> _AIM OF THE TASK_
Once the pictures are set aside, transcribe the remaining data exactly.
*** Opening SUPPLIED MATERIAL ***
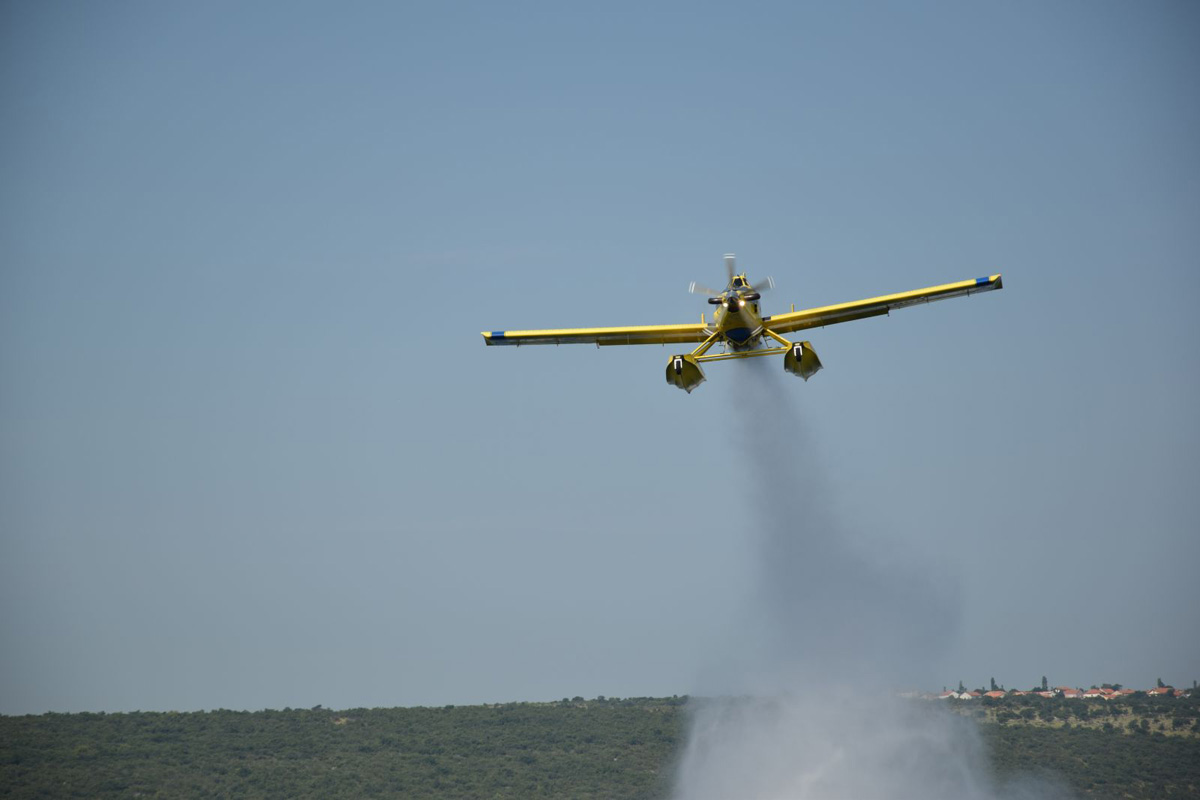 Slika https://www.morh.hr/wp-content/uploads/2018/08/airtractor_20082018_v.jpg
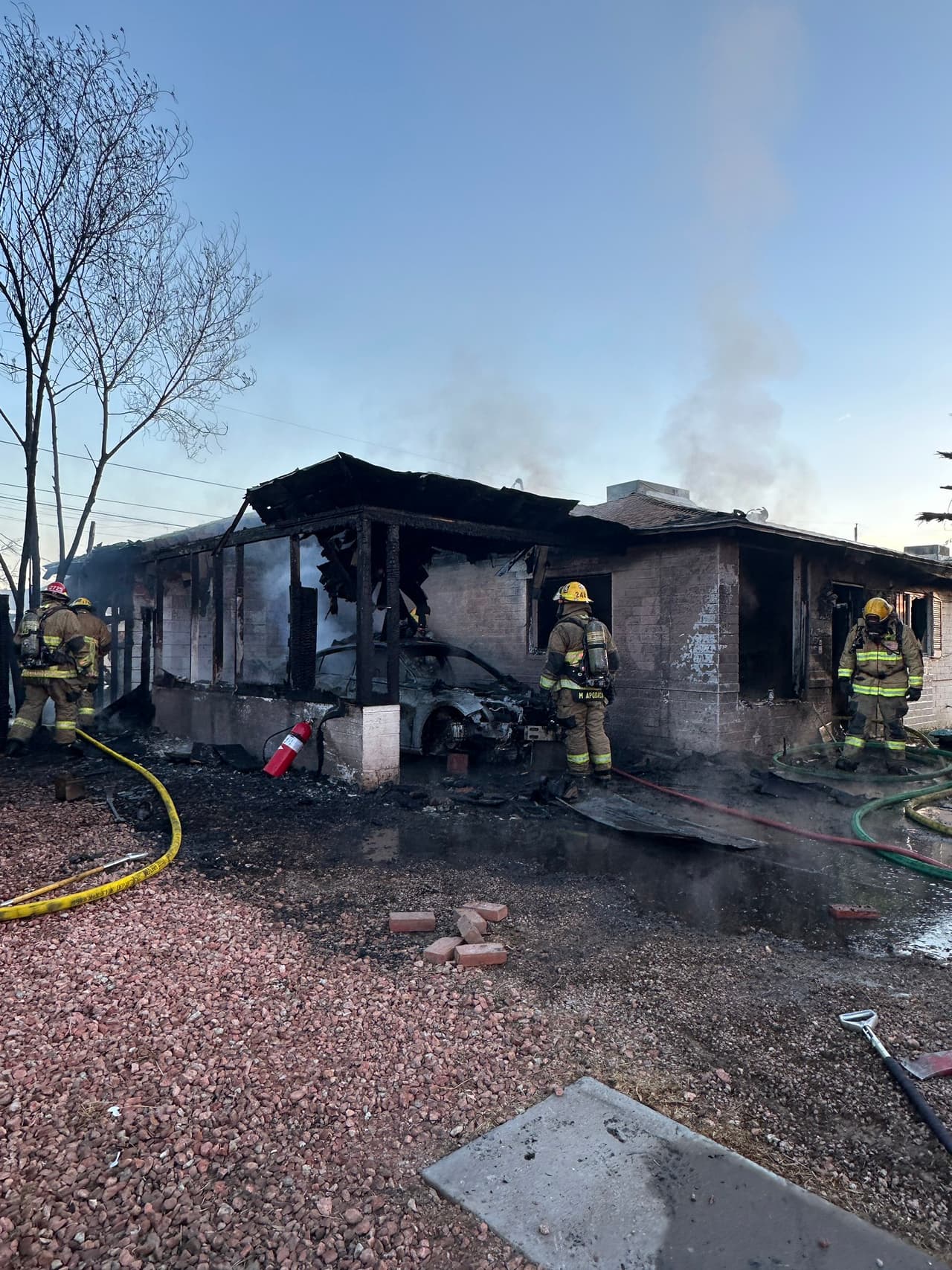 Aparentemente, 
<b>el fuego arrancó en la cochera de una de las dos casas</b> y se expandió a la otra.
*** Closing SUPPLIED MATERIAL ***
> _WRITTEN SOLUTION_
 Slika https://www.morh.hr/wp-content/uploads/2018/08/airtractor_20082018_v.jpg
 Aparentemente, 
<b>el fuego arrancó en la cochera de una de las dos casas</b> y se expandió a la otra.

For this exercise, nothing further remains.